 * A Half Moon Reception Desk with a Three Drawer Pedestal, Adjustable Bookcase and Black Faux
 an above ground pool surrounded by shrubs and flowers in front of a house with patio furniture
==
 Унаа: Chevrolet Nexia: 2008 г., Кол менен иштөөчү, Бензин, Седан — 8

→ Aim of the exercise
Using the entries above, give again exactly the lines from the line holding "and Black Faux" through the line holding "an above ground". Include both end lines and nothing else.

→ Exercise output
 * A Half Moon Reception Desk with a Three Drawer Pedestal, Adjustable Bookcase and Black Faux
 an above ground pool surrounded by shrubs and flowers in front of a house with patio furniture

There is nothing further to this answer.